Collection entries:

※ ※ ※

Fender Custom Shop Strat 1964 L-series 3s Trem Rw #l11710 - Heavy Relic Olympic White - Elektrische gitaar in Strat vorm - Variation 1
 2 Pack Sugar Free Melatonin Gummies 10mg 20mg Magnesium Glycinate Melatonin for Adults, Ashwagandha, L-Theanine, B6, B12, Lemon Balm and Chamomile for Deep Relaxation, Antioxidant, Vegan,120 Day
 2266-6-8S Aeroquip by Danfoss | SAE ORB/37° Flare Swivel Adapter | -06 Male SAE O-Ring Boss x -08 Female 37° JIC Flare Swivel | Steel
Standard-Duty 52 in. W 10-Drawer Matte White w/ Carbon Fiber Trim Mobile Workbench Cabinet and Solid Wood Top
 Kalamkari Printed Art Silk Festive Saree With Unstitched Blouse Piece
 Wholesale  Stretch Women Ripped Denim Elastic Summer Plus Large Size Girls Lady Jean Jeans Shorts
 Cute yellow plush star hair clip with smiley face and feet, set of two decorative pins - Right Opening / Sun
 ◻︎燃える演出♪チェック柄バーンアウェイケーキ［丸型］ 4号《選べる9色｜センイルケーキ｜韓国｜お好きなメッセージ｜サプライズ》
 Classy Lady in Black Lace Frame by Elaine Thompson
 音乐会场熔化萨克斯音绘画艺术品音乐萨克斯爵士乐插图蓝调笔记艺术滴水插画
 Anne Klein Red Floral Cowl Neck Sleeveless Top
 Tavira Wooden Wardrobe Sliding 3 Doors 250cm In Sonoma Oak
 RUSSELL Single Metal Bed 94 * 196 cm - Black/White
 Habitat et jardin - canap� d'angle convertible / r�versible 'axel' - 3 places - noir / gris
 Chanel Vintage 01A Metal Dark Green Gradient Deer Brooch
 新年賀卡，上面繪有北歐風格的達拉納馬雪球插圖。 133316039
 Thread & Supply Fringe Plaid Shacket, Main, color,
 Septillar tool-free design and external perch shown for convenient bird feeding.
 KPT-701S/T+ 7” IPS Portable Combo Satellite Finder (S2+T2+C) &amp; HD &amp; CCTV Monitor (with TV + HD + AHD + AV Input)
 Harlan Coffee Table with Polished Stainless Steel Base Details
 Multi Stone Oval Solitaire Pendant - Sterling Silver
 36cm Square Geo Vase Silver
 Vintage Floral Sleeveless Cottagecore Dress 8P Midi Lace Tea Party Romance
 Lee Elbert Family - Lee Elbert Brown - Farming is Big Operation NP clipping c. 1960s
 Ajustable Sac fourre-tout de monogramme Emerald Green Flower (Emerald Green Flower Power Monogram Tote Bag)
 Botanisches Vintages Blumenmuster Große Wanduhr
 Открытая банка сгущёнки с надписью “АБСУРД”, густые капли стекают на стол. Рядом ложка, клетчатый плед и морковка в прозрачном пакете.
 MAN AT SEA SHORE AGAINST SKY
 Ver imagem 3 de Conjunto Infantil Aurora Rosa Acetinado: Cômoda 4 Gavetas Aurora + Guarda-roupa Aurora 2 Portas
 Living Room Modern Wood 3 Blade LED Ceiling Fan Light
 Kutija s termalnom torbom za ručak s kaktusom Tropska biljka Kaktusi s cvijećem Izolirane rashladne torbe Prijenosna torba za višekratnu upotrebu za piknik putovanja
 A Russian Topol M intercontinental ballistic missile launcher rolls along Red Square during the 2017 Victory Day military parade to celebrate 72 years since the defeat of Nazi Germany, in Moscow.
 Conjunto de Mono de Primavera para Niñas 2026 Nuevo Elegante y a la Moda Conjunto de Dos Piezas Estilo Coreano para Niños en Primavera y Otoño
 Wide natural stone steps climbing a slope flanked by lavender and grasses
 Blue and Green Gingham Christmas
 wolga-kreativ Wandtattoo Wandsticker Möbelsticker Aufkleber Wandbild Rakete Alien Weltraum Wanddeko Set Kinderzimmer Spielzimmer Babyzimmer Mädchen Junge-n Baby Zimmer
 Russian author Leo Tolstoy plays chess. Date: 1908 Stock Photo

※ ※ ※

Repeat exactly the lines from the first line of the records above through the line containing "Standard-Duty 52 in.", both included, and nothing else.

Fender Custom Shop Strat 1964 L-series 3s Trem Rw #l11710 - Heavy Relic Olympic White - Elektrische gitaar in Strat vorm - Variation 1
 2 Pack Sugar Free Melatonin Gummies 10mg 20mg Magnesium Glycinate Melatonin for Adults, Ashwagandha, L-Theanine, B6, B12, Lemon Balm and Chamomile for Deep Relaxation, Antioxidant, Vegan,120 Day
 2266-6-8S Aeroquip by Danfoss | SAE ORB/37° Flare Swivel Adapter | -06 Male SAE O-Ring Boss x -08 Female 37° JIC Flare Swivel | Steel
Standard-Duty 52 in. W 10-Drawer Matte White w/ Carbon Fiber Trim Mobile Workbench Cabinet and Solid Wood Top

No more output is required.